WHAT IS NEEDED: Find the line holding "Rücken Bestseller (64491855-XL)" in the entries below. Give it again exactly, along with every line after it up to and including the line holding "Neutral latino young-adult".

RECORDED DATA:

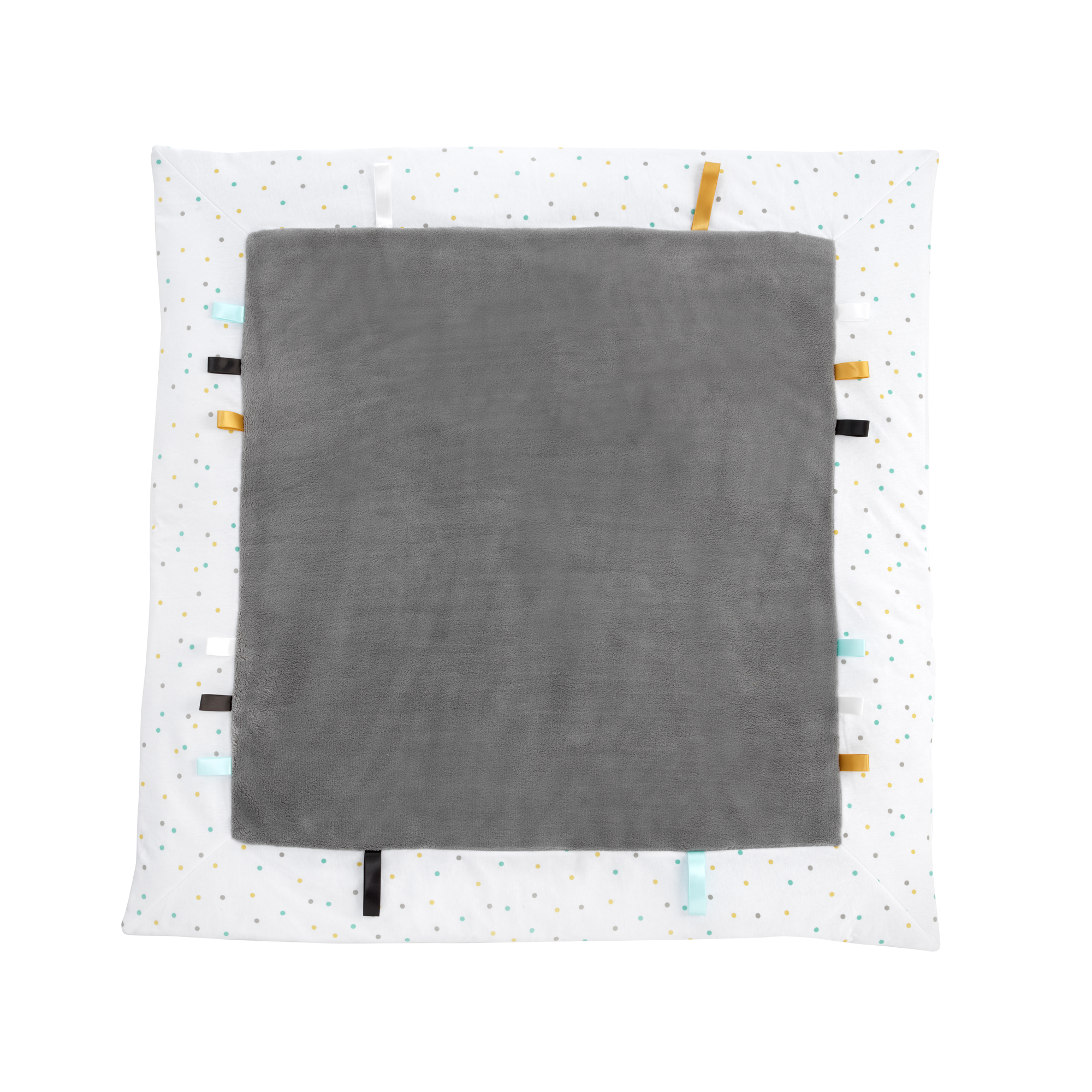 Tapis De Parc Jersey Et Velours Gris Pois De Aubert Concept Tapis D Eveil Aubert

--

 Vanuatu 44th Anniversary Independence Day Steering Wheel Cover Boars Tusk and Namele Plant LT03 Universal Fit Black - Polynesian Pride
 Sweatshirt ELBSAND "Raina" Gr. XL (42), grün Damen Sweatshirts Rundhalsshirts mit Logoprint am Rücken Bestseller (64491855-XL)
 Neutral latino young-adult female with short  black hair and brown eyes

---

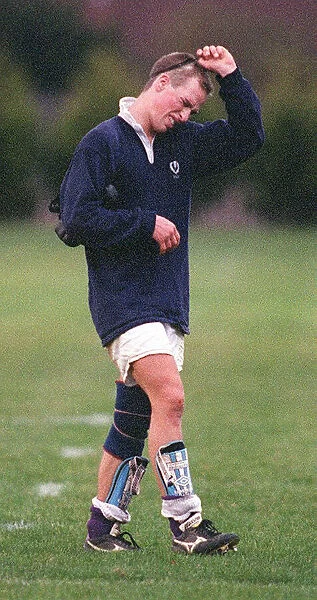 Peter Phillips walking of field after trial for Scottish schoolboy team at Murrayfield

THE ANSWER:
 Sweatshirt ELBSAND "Raina" Gr. XL (42), grün Damen Sweatshirts Rundhalsshirts mit Logoprint am Rücken Bestseller (64491855-XL)
 Neutral latino young-adult female with short  black hair and brown eyes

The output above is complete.